## Exercise
Reproduce exactly the lines below, from the first one through the line containing "Zdjęcie w galerii", and omit any pictures.

## Information supplied

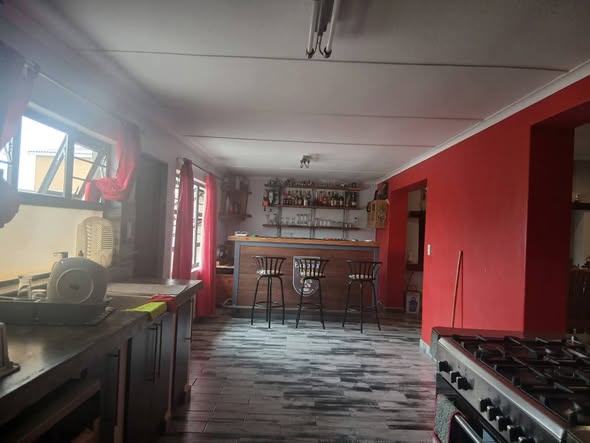 HOUSE FOR SALE IN WALVIS BAY HERMES photo 4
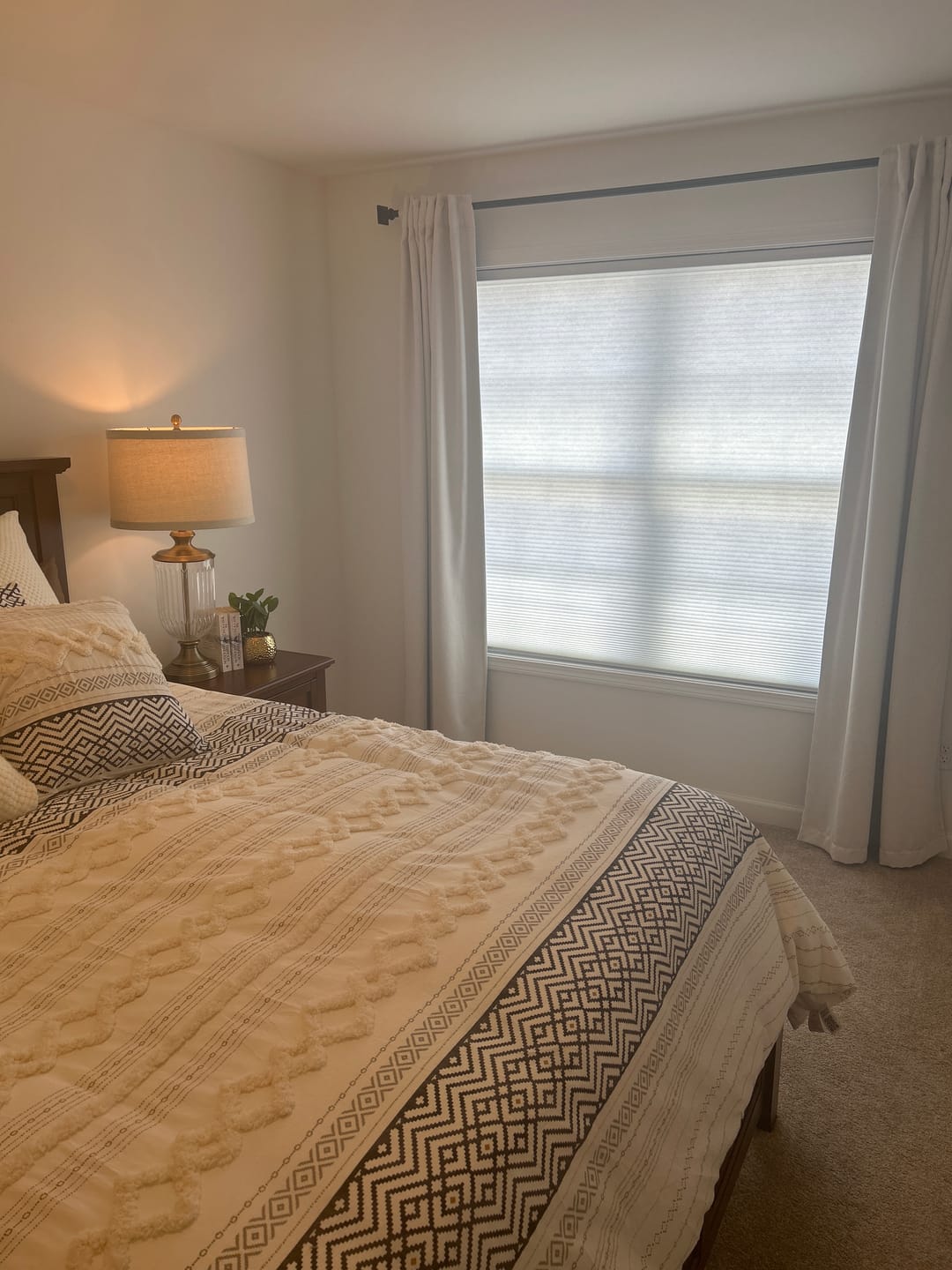 Customer photo review of SmartWings Motorized Light Filtering Cellular Shades Nowa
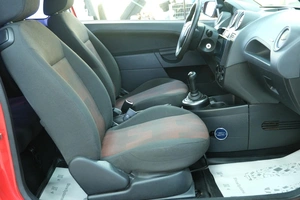Хетчбэк Ford Fiesta 2008 года, 679000 рублей, Омск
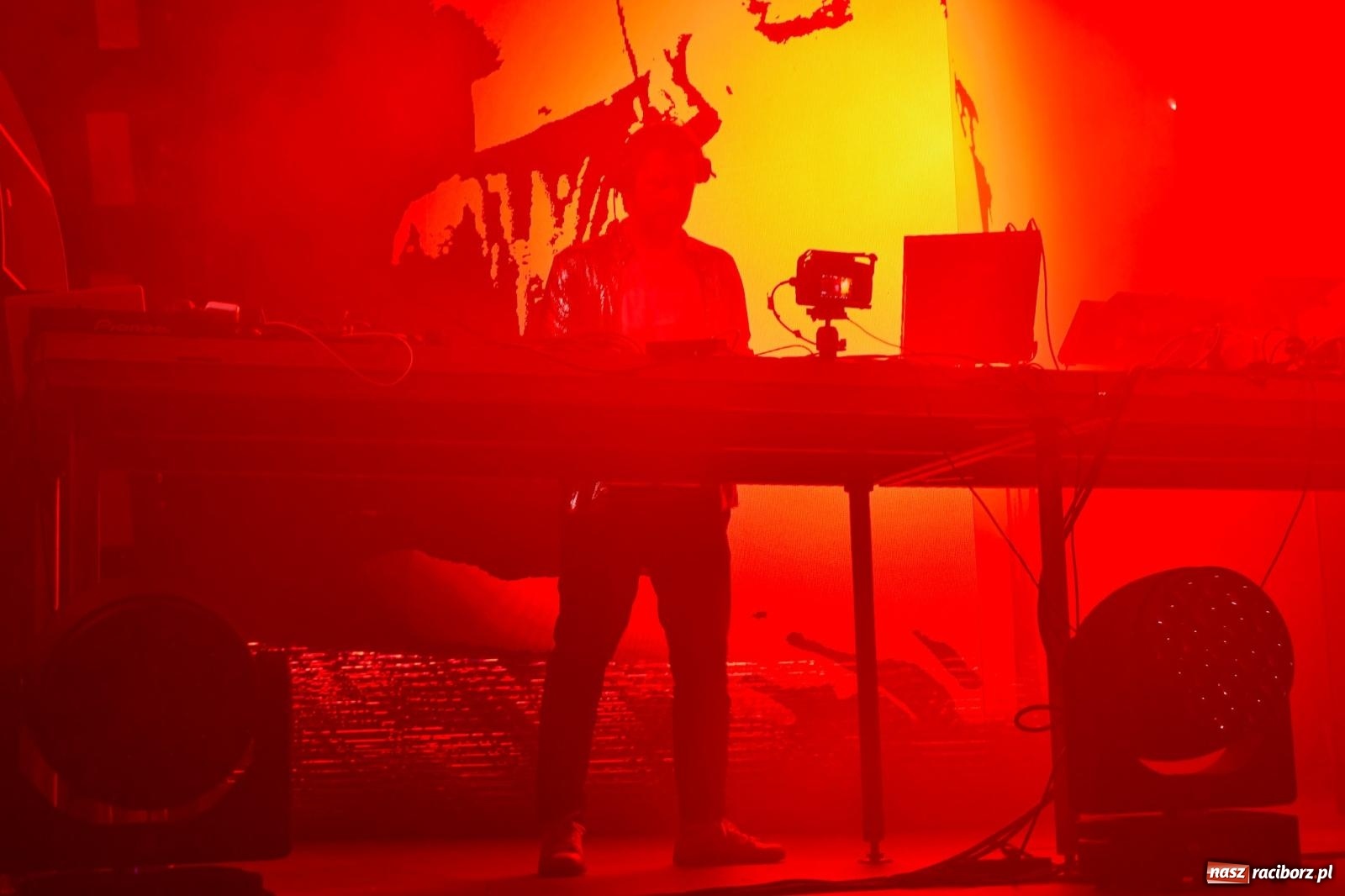 Zdjęcie w galerii na portalu naszraciborz.pl: FULL MOON 2024 - dzień drugi. Muzyczne i laserowe show na zamkowym dziedzińcu wiadomości z regionu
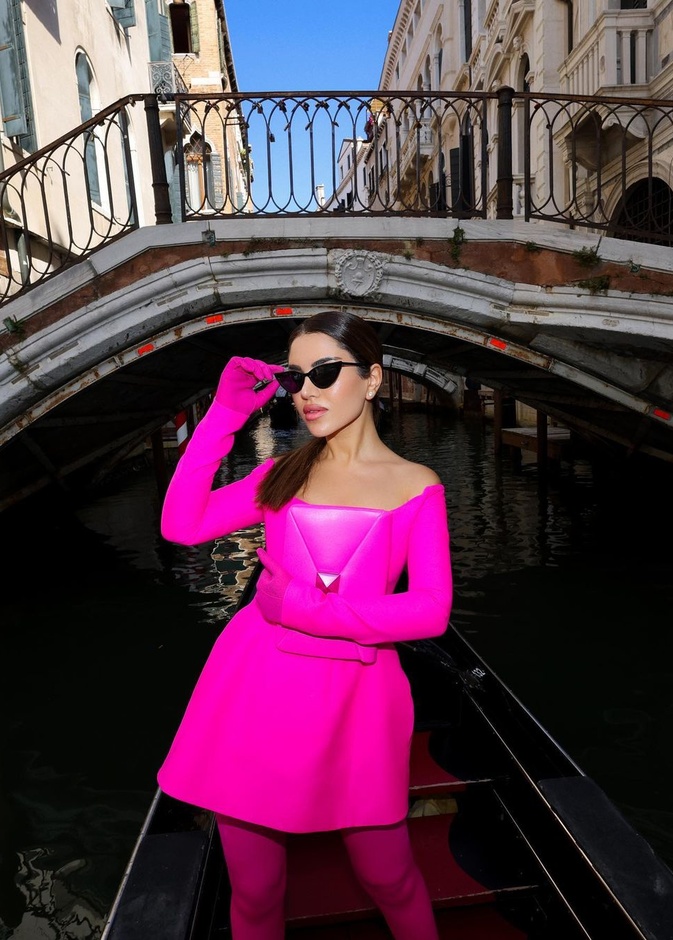 صور إطلالات نجمات خطفن الأنظار بصيحة Pink PP من دار فالنتينو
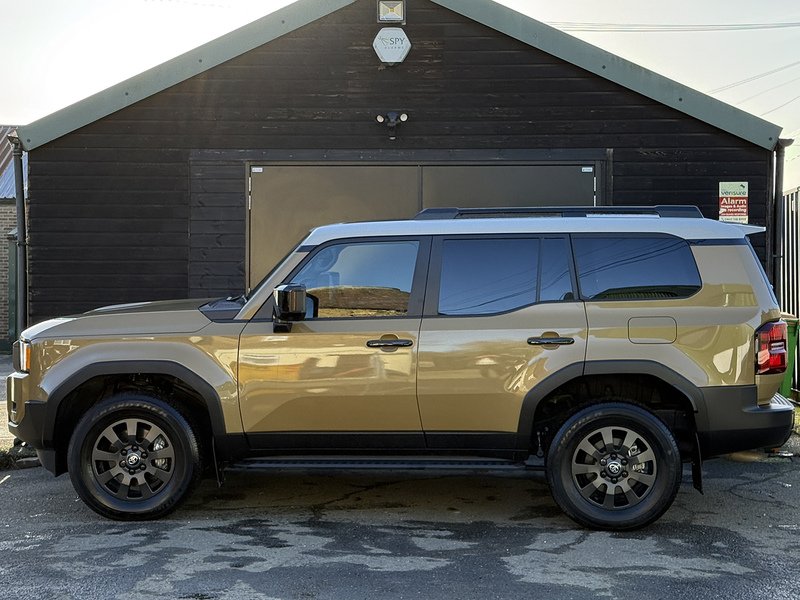 Used Toyota Land Cruiser 2024 for sale - 77003308: Photo 2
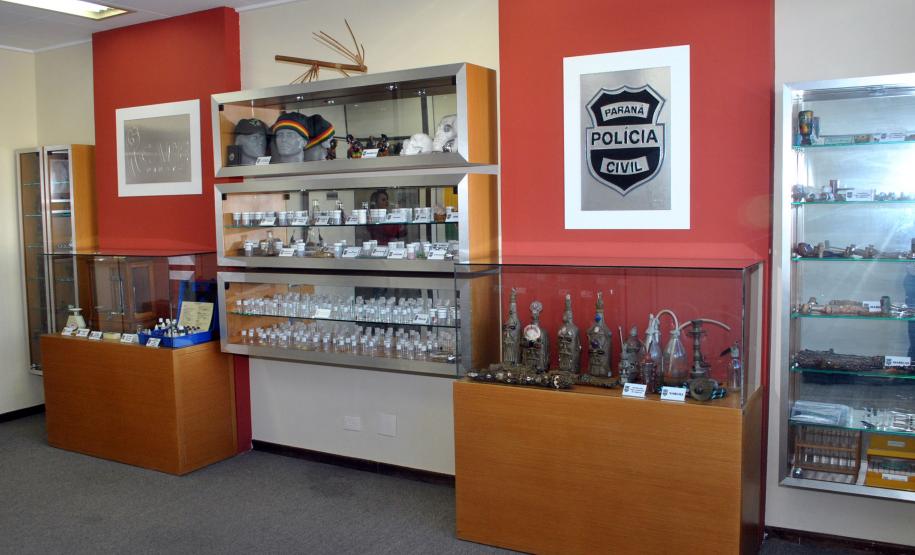 Museu da Denarc orienta crianças sobre os riscos da utilização de drogas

## Answer box
 HOUSE FOR SALE IN WALVIS BAY HERMES photo 4
 Customer photo review of SmartWings Motorized Light Filtering Cellular Shades Nowa
Хетчбэк Ford Fiesta 2008 года, 679000 рублей, Омск
 Zdjęcie w galerii na portalu naszraciborz.pl: FULL MOON 2024 - dzień drugi. Muzyczne i laserowe show na zamkowym dziedzińcu wiadomości z regionu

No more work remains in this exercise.